__WHAT YOU HAVE TO DO__. With the pictures removed, set down all of the entries below exactly.

__INPUT MATERIAL__.

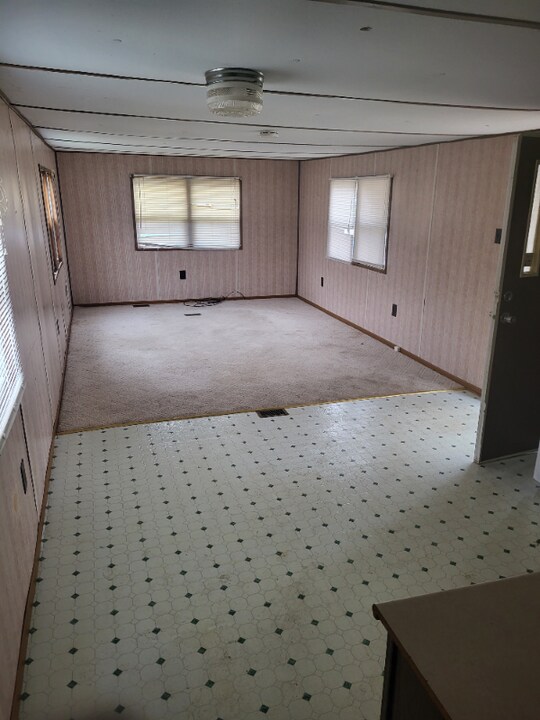 2830 Connecticut St SW in Massillon, OH - Building Photo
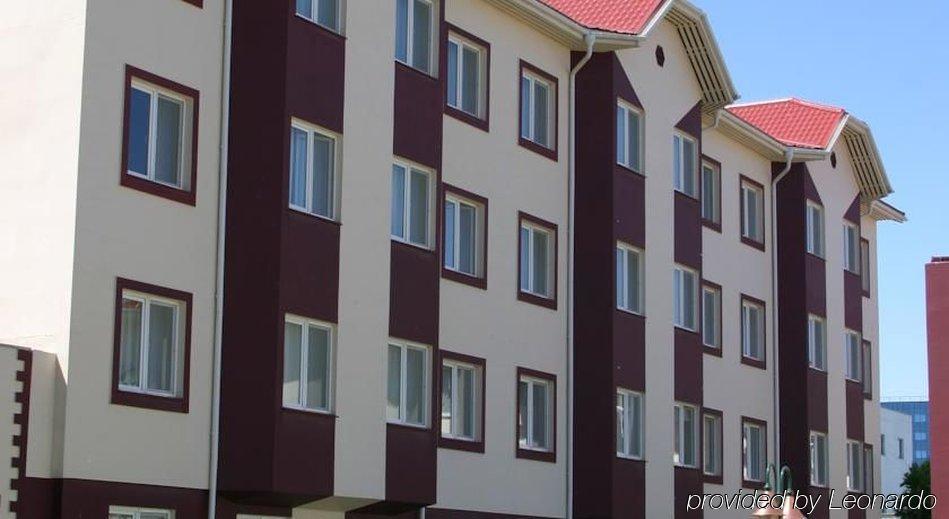 Chagala Atyrau Hotel Exteriör bild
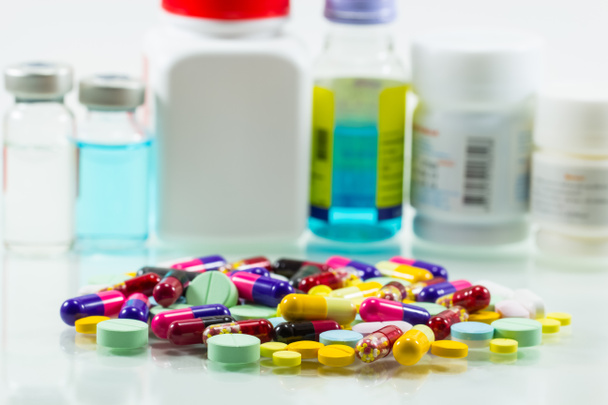Різноманітні таблетки таблетки капсули суміш
 - Фото, зображення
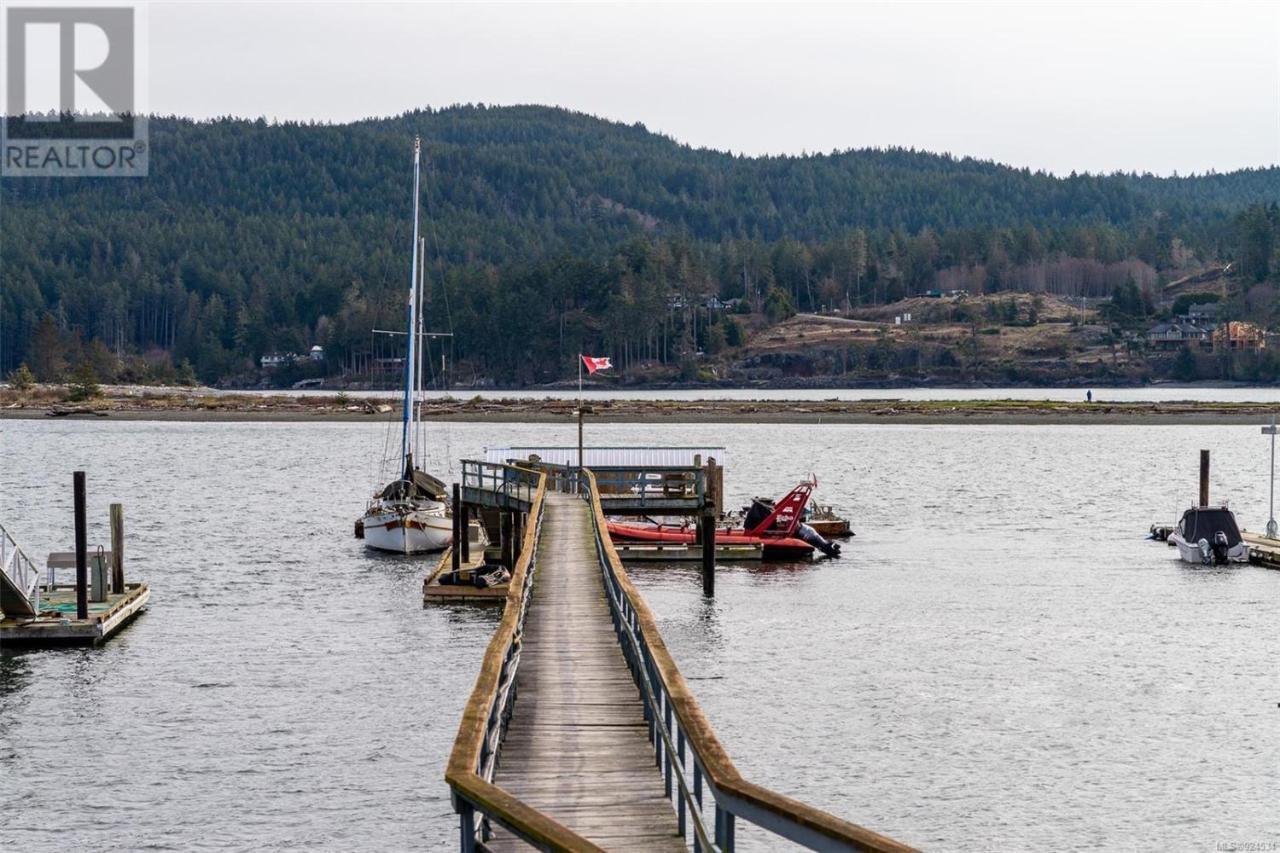 Salty Towers Ocean Front Cottages Sooke Exterior foto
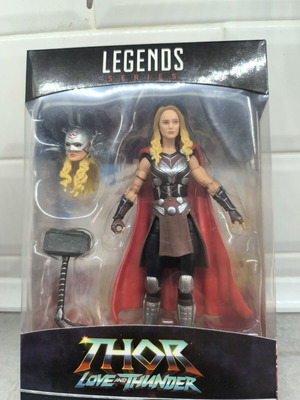 Marvel Legends Thor Love and Thunder Jane Foster фигура употребявана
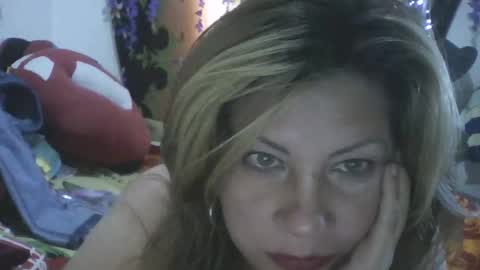 mmsexymm84 online show from February 19, 2025, 7:05 pm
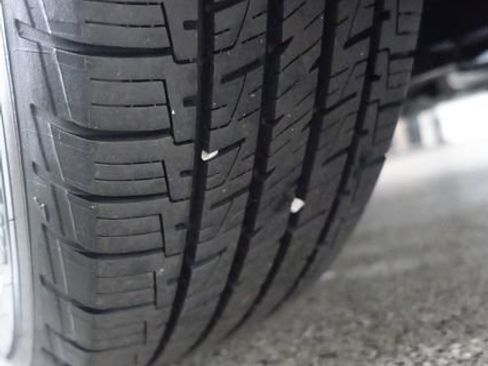 Used 2021 Chevrolet Equinox Premier image 29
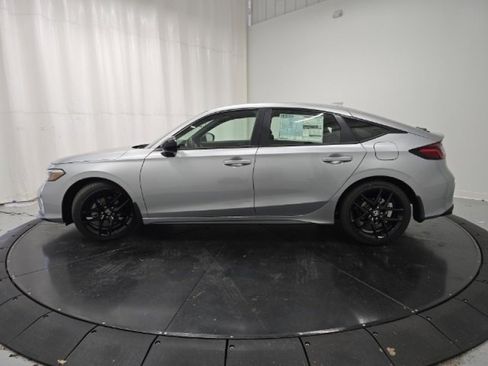 Used 2025 Honda Civic Sport image 17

__THE ANSWER__.
 2830 Connecticut St SW in Massillon, OH - Building Photo
 Chagala Atyrau Hotel Exteriör bild
Різноманітні таблетки таблетки капсули суміш
 - Фото, зображення
 Salty Towers Ocean Front Cottages Sooke Exterior foto
 Marvel Legends Thor Love and Thunder Jane Foster фигура употребявана
 mmsexymm84 online show from February 19, 2025, 7:05 pm
 Used 2021 Chevrolet Equinox Premier image 29
 Used 2025 Honda Civic Sport image 17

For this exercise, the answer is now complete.